Liked Portland, Hotel Ok

jjohn on 2003-07-17T18:05:23

That the convention was in a hotel within easy walking distance of restaurants, ice cream, and liquor stores was a big, big win for OSCON 2003. In a perfect world, there would have been a better mingling place for attendees. I think the lobby area on LL1 needed to be utilized better in some way (although I found that camping under the stairs was particularly useful for socializing). The LL2 lobby was just dingy and had no chi flow. The terminal room was just too darn far way from everything.

I had a more positive experience with OSCON 2003 than others, like the Z-man, but my conference goals were explicitly social. There were a couple of session which were too crowded to attend (like Andy Wardly's TT3 preview).

I dunno. I had fun. I think I got my money's worth.

Re:Liked Portland, Hotel Ok

ziggy on 2003-07-17T18:41:09

I had a more positive experience with OSCON 2003 than others
Sorry if I sounded too curmudgeonly above, but I did have a good time too. Portland is great, and being back downtown again is a huge win. Twelve hours a day in that hotel started to grate on me towards the end of the week...

I don't think there is an ideal hotel for OSCon. The Fairmont was great, but it's way too small now. Now, it's a case of picking priorities. This year's venue is obviously addressing years of feedback and fixing things that were previously broken. I hope that there's a venue out there that's affordable with a better layout and fixes everything else that people have been complaining about for years.

 

Oh, and another good note: choosing a hotel two blocks away from an absolutely wonderful hole-in-the-wall Japanese restaurant that serves everything was a huge win. :-)

Re:Liked Portland, Hotel Ok

Matts on 2003-07-17T19:52:30

I don't know what others think, but the hotel in Monterey had both a great location and a good layout (from what I remember of it all those years ago!). I'd love to go back to Monterey.

Though I must get this in: Make the date in August next year! I can't go to OSCon unless it's in August now my wife is working full time - she just won't let me visit the west coast without her - and you can't blame her.

Of course I realise that August is probably much more expensive :-(

August

gnat on 2003-07-17T21:01:23

If the current location pass muster, we're looking at July 26-30 in 2004. Confirmation of that will come within a month. No August, sorry!

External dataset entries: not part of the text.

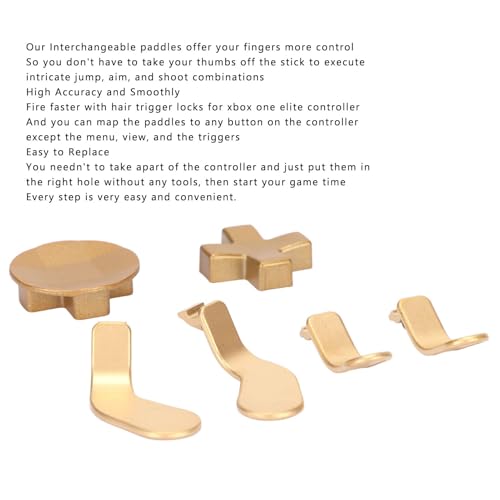 Image of Stainless Steel Joysticks Paddles Replacement Parts,Gaming Controller Accessories Include 4pcs Paddles and 2 D Pads for Elite Series 2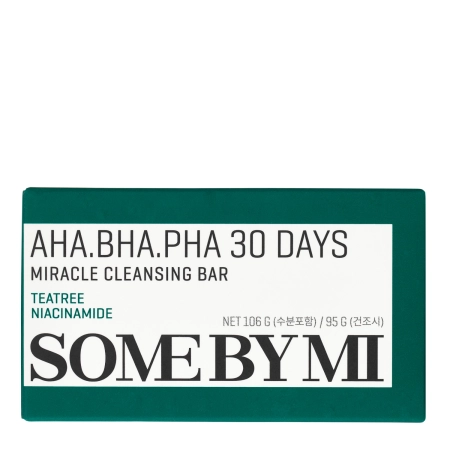 Some By Mi - AHA BHA PHA 30 Days Miracle Cleansing Bar - Săpun de curățare a feței, cu acizi AHA/BHA/PHA - 95g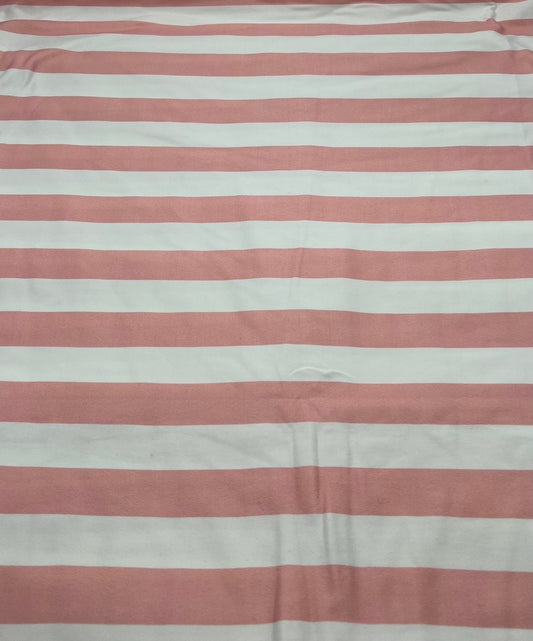 Pink White Stripe Super Soft Print Spun Poly Stretch Fabric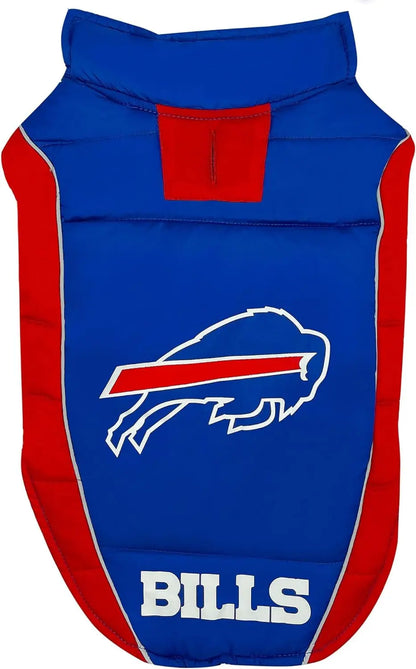 Official NFL Dog & Cat Puffer Vest (All Teams) – Waterproof & Warm Winter Coat Buffalo Bills Small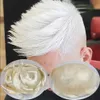 #1B65 Herren-Toupet, V-Schleife, Haarteil, dünnes Voll-PU-Echthaar, Perücke für Männer, 30 mm, wasserwelliges Haar, Prothese, 100 % menschliches Haarsystem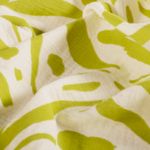 Bomulls-musselin - Double Gauze abstrakta blad Lime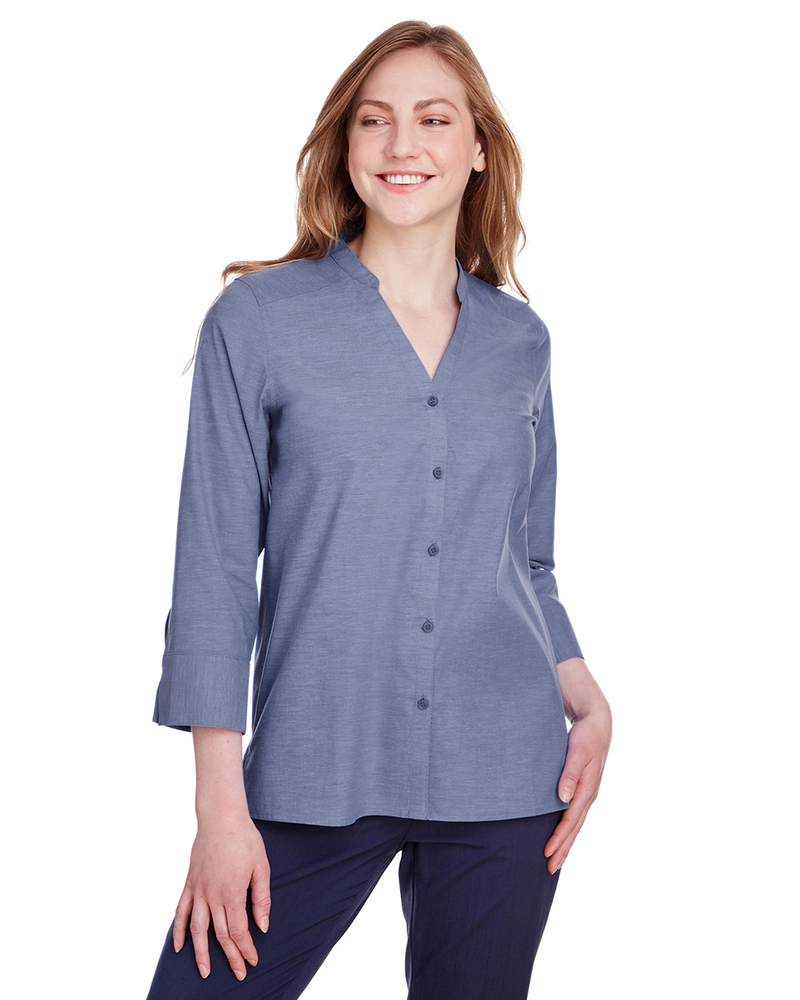 devon & jones dg562w ladies' crown collection™ stretch pinpoint chambray 3/4 sleeve blouse Front Fullsize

Can your wife escape in April or May? The Emerging Technology conference is then, and might provide a convincing west coast escape excuse. Similarly for the Mac OS X Conference in October. If you can get her to the west coast then, you might be able to slip off to OSCON without her later :-)

--Nat

Re:August

Matts on 2003-07-17T23:34:41

Yes!

Term ends 21st July in 2004.

Re:August

gnat on 2003-07-18T01:49:33

Woohoo, we got Matt! See you there!

--Nat

I liked the small rooms

shiflett on 2003-07-18T03:27:40

My talk was standing room only also, but I sort of like the intimate feel of the smaller rooms.

If anything, I think people enjoy the sessions more than the tutorials, regardless of room size. With tutorials, you have to register specifically for that, so you feel stuck, or feel that you've wasted half a day if the tutorial turns out to be not so good.

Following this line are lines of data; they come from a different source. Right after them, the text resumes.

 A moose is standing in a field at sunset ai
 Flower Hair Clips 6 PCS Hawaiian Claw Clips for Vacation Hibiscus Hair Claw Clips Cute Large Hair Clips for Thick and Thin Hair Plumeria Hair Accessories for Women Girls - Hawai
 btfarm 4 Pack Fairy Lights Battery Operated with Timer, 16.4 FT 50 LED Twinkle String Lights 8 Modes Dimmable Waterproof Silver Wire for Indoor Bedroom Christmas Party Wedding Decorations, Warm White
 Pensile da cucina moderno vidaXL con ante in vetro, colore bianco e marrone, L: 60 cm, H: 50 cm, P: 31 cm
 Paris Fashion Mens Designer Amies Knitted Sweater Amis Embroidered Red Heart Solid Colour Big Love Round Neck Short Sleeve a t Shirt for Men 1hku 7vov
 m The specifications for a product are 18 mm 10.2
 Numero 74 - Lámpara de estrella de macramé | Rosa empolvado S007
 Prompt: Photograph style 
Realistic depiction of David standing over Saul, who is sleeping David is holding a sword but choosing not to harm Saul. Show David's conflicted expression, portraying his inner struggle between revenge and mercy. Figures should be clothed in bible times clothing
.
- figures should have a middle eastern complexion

With sessions, the speakers are forced to get to the point quickly, so your time is better spent, plus there is a lot more to choose from, and you're free to come and go. It seems to work much better.

Re:I liked the small rooms

trachtenberga on 2003-07-22T16:21:58

Things look much better when the rooms are full than empty, but I frequently found that if I wasn't in a room five minutes before the talk started then it was impossible to get a seat.

Sometimes I'd end up bouncing from my first choice, to my second choice, and finally end up standing in the back of my third choice.

In general, the only sessions where I could get a seat were the giant Perl talks, like the Perl 6 Preview or 9 Views of Dominus.